In “Web 2.0 success stories driving WOA and informing SOA”, Dion Hinchcliffe writes about how enterprise SOA can learn from the successes of Web2.0 and WOA*.
“…since there’s little question that the core ideas behind SOA seem to be the right ones. Rather, it’s been how we’ve gone about designing and implementing SOAs that appears to be at the crux of the issue. As we look at the most successful examples of SOA actually working, we keep being drawn back to the Web itself.”
Along the way Dion points out a couple of differences between the Web and the enterprise which I think are pretty salient and underscore the issue that its not the technology that divides the two hemispheres of the service-oriented world.
“One big issue…is that enterprises are often very much unlike the Web. Many of the aspects that make the Web successful…just don’t exist in the enterprise with it’s wilderness of relational databases, proprietary applications, and silos of every description, despite some success in adding a traditional SOA layer on them.
The article Dion references in the last quote has this great summary graphic:
But in addition to the technical differences between the Web and the Enterprise, I think it is worth mentioning some fundamental cultural differences:
- The participants: When it comes to Web APIs that have been so successful, the conversation is basically between technologists. By-and-large it is technologists that are writing the mashups that demonstrate the success of Web2.0. Conversely with SOA in the enterprise, the conversation is (supposed to be) between technologists and business – and plenty has been written about the lack of success there.
- The success criteria: There are different success criteria for Web2.0 versus enterprise SOA. Very few Web2.0 companies currently make money out of their APIs. Success for Web2.0 is “eyeballs” and VC funding. In the enterprise, SOA success is all about hard ROI.
- The legacy: Most enterprise services must build on legacy applications, whereas Web2.0 applications are mostly greenfields and purpose built for the Web. Legacy applications rarely expose “resources” directly. If you’re lucky, the application exposes API methods which encapsulate an awful lot of business logic around a resource.
- The standards: Also part of the legacy is that WOA is “an emergent set of best practices…not a formal set of standards.” Let’s face it, WS-* are a formal set of standards designed by disparate committees often with competing agendas and ulterior motives. The structure and evolution of these standards has not been optimal for the users.

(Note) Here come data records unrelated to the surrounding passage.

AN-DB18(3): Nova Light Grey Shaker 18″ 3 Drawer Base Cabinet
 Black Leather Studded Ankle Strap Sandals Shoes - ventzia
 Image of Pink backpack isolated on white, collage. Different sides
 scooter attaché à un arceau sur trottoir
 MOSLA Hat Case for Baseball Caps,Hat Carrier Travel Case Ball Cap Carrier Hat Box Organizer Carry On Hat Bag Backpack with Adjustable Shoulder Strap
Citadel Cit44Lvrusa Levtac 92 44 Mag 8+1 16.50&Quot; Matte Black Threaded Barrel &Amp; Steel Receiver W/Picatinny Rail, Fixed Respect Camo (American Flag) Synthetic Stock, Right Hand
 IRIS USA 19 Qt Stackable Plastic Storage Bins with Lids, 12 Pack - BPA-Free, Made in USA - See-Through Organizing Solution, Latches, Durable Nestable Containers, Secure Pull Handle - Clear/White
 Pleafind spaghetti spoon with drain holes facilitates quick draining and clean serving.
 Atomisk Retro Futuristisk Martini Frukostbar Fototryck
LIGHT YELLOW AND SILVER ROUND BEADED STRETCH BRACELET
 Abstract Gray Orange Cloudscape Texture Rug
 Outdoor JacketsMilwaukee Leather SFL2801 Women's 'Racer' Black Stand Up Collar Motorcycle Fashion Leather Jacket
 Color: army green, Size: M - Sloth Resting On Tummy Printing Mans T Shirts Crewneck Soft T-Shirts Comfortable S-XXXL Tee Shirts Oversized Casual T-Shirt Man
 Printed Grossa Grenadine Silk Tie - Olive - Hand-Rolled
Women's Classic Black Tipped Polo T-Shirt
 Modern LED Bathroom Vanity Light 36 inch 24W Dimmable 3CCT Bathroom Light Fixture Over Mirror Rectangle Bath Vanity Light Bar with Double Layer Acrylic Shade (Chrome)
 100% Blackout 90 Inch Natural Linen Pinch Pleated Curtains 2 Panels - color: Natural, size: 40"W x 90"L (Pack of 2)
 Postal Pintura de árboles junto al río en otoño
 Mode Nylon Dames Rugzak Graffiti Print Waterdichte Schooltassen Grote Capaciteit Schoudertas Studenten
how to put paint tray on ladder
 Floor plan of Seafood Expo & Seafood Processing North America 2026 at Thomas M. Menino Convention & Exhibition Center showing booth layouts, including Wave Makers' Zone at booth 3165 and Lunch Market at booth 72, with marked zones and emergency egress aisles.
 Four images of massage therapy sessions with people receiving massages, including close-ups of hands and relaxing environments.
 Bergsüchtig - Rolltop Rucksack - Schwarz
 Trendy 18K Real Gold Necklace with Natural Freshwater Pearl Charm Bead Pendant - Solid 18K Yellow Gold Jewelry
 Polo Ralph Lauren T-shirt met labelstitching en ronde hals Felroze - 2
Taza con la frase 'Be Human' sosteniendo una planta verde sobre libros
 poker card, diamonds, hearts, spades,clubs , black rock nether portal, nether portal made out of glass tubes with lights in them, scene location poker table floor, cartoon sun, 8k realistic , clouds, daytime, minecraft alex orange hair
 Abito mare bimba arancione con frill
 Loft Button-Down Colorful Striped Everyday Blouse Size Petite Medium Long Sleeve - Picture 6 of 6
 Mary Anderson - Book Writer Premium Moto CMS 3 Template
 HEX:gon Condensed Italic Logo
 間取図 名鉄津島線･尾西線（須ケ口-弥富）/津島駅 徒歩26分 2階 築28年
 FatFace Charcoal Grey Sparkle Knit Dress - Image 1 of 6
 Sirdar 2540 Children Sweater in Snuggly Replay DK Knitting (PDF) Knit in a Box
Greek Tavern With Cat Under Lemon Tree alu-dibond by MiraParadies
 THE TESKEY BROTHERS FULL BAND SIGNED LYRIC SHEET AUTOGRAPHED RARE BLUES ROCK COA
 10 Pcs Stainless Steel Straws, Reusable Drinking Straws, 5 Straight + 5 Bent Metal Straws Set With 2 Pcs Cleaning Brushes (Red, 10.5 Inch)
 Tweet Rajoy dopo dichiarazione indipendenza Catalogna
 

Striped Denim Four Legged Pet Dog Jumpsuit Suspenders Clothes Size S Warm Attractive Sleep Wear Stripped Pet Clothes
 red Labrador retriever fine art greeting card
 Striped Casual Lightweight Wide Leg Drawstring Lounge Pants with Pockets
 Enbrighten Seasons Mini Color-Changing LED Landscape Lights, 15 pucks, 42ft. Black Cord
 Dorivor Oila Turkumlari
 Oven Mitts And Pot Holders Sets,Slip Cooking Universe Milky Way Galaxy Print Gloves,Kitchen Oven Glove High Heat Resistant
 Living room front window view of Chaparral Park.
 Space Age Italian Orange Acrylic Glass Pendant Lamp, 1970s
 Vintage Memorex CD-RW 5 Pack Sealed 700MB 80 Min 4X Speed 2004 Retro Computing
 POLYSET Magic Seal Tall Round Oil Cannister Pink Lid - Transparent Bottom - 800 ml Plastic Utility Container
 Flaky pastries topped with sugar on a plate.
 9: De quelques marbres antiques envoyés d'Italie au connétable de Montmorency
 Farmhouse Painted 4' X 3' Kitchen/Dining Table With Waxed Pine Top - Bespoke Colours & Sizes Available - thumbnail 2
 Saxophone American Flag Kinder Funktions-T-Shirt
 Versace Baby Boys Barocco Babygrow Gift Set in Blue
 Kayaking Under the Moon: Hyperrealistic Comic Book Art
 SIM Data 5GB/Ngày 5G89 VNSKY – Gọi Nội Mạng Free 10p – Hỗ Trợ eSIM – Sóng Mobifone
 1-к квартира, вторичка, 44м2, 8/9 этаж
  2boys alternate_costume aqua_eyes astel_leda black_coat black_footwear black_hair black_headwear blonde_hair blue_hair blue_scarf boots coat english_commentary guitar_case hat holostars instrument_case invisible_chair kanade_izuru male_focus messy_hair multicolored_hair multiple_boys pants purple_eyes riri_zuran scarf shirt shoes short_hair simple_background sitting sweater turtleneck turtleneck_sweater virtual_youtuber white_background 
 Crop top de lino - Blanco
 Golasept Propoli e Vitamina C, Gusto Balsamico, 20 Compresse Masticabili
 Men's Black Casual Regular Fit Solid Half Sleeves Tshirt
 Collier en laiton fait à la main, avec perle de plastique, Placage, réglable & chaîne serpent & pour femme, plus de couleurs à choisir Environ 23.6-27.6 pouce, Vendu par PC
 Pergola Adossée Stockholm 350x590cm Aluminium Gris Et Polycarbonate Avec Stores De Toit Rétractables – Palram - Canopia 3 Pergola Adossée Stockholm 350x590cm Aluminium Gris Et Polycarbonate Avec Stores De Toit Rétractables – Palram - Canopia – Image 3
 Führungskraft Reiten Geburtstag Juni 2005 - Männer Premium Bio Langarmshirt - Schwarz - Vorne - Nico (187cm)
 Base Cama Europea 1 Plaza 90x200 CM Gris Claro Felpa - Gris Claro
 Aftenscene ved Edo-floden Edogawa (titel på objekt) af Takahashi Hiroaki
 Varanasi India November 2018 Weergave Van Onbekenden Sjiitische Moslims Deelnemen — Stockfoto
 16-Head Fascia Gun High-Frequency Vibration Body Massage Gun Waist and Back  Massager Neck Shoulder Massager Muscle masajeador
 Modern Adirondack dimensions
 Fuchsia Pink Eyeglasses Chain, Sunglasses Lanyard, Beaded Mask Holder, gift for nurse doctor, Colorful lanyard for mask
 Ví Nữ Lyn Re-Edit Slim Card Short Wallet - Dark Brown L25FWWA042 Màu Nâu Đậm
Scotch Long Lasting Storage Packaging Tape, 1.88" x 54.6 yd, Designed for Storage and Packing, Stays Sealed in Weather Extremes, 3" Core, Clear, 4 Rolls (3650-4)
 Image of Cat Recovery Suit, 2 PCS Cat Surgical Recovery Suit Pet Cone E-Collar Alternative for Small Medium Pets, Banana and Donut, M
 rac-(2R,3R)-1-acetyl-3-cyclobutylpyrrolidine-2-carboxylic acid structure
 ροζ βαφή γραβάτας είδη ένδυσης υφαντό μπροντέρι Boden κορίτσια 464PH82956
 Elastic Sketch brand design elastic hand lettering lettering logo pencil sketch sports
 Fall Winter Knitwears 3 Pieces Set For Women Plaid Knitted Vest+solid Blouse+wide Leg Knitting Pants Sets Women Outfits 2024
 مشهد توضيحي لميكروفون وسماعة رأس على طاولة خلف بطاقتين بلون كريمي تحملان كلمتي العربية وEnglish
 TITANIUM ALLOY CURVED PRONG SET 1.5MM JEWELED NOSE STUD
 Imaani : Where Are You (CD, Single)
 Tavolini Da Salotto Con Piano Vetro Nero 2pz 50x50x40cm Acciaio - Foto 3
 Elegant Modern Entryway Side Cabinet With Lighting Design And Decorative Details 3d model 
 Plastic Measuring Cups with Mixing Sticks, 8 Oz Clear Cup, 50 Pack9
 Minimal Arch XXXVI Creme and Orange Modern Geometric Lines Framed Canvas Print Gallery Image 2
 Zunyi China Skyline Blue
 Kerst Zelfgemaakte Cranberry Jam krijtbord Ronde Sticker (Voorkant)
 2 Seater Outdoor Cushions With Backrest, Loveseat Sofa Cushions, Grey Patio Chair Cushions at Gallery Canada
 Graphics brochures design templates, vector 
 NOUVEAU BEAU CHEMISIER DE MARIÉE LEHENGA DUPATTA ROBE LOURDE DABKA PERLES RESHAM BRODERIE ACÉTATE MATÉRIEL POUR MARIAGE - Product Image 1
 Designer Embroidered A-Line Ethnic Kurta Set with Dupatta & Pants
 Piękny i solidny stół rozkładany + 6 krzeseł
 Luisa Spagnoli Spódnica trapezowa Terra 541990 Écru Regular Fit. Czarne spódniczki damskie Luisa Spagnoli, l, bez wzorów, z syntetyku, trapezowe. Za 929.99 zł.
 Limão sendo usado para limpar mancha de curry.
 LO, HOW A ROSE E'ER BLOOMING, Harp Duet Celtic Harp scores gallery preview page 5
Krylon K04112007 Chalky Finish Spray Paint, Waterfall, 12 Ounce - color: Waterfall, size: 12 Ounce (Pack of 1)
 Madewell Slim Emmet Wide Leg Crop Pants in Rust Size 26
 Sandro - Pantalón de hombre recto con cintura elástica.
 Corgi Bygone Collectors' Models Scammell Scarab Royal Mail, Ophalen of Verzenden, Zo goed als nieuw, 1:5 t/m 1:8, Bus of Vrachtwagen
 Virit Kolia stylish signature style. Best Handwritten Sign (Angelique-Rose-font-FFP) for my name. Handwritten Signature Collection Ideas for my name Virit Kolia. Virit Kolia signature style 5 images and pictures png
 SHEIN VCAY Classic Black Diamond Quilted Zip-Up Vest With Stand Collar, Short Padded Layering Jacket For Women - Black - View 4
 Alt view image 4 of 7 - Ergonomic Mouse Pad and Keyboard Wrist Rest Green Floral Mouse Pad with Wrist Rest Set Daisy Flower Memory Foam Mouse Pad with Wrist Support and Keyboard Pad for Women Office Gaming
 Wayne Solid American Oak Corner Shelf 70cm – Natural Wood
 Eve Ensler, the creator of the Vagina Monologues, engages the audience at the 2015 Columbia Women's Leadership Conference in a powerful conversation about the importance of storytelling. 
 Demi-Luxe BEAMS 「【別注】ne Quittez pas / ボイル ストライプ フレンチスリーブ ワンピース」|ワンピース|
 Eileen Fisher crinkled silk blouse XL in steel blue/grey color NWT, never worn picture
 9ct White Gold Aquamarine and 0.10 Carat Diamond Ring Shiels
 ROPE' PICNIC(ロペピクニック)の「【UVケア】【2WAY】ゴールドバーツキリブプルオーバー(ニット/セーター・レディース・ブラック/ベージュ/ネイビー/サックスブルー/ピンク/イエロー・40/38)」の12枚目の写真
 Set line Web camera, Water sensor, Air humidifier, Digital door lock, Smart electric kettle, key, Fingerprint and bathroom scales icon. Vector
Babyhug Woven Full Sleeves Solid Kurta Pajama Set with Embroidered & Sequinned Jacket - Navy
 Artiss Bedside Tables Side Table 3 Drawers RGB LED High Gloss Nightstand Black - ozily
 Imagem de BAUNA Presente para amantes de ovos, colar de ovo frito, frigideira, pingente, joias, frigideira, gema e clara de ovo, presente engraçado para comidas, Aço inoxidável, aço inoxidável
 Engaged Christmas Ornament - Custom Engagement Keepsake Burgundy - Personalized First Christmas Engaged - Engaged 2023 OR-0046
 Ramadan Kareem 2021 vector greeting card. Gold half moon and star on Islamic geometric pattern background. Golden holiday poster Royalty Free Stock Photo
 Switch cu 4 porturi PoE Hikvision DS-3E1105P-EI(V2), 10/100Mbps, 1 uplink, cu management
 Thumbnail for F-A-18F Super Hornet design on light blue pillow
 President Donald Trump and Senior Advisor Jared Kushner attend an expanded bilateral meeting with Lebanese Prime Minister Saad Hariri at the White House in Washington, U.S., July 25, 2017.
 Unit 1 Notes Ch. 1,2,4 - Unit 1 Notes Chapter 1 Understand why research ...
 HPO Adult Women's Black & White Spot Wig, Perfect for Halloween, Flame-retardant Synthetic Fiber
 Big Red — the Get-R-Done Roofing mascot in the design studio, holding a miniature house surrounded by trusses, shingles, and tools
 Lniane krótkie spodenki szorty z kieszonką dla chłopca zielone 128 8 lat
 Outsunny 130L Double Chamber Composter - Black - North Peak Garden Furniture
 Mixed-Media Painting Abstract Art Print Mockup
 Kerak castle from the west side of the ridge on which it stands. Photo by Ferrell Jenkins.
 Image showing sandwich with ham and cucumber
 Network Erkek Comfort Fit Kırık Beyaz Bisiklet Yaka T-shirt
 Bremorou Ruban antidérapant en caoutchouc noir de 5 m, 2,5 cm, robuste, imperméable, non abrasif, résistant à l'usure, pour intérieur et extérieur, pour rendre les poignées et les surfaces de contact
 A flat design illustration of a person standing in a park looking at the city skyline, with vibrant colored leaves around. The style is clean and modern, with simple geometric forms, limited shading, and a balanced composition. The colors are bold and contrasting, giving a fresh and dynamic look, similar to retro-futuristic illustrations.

Fundamentally, I agree that Web2.0 in the enterprise and REST approaches to SOA have a lot of value and can teach us how to do SOA properly. Conversely REST needs to address enterprise concerns more fully. The key is recognizing the commonalities and the differences so that we can hit the sweet spot in between.
* BTW I’m not a big fan of the term WOA to denote “Web Oriented Architecture” or REST-ful approaches to Services. While I understand that distancing REST from WS-* makes good marketing sense, ultimately I think we are all talking about Services – so WOA is really a style of SOA. Jockeying for market position/dominance/discrimination has already got us into such a mess.